NCPA - National Center for Policy Analysis


December 17, 2004

Work is fine -- in its place. But hard-charging baby boomers have placed too high a priority on it, their kids seem to think. Generation X and Generation Y workers, who are younger than 40, are more likely than boomers to say they put family before jobs. And that's not just because their children are younger, says Ellen Galinsky, president of the Families and Work Institute in New York. There has been a real generational shift, she says.

According to the institute:

  • Both sexes are more accepting than ever of working mothers.
  • Among younger workers, "job success at any cost" has become less appealing.
  • In two-parent homes, children get more time with their parents than they did 25 years ago; mothers do about as much child care as they used to, but fathers are doing more.

Meanwhile, flexibility at work is a prized benefit for young working moms, according to another recent survey by Galinsky's institute.
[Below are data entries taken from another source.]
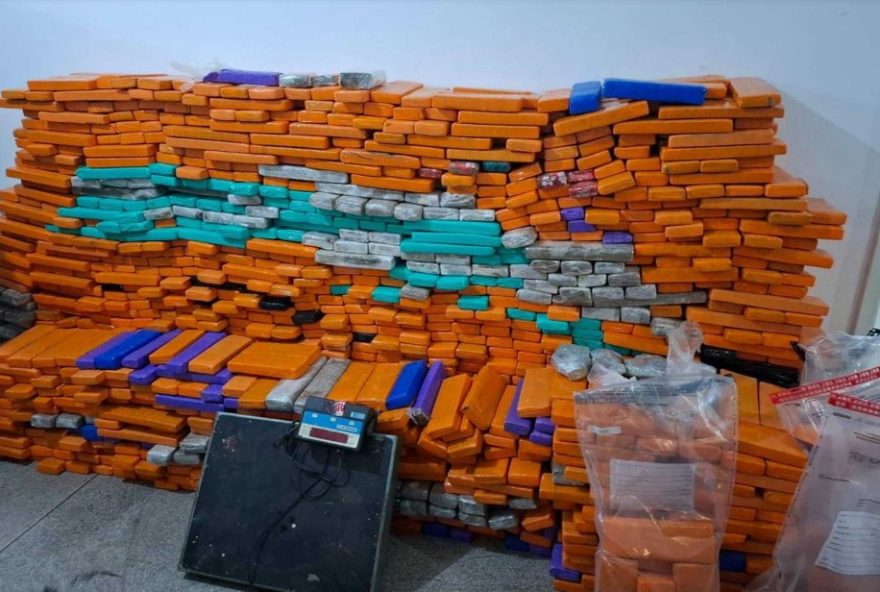 policia-militar-apreende-500-quilos-de-drogas-e-prende-lider-do-trafico-no-ceara-e-em-sp
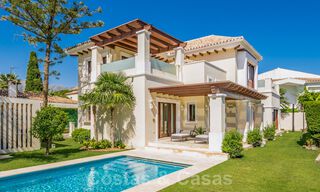 Mediterrane, beachside villa te koop in exclusieve woonwijk aan het strand aan de Golden Mile van Marbella 39181 
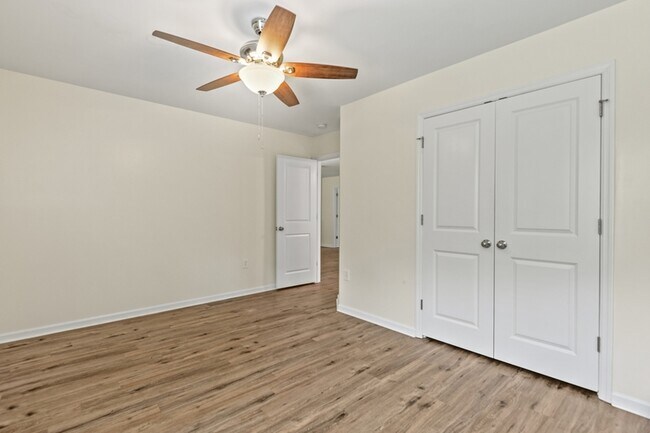 Building Photo - 465 Green Park Ln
  • On a scale of 1 to 10 (with 10 most valued), employed mothers gave flexibility a 9.2 and advancement 5.5.
  • That's not to say working mothers are quitting in droves to go home; even if they wanted to, most can't afford it.
  • Single-mother households have grown in the past decade; plus, about one-third of wives earn more than their husbands do, says economist Myra Strober.
  • More than half of infants' mothers have jobs, and about three out of four women work if their kids are ages 8 or older, federal figures show.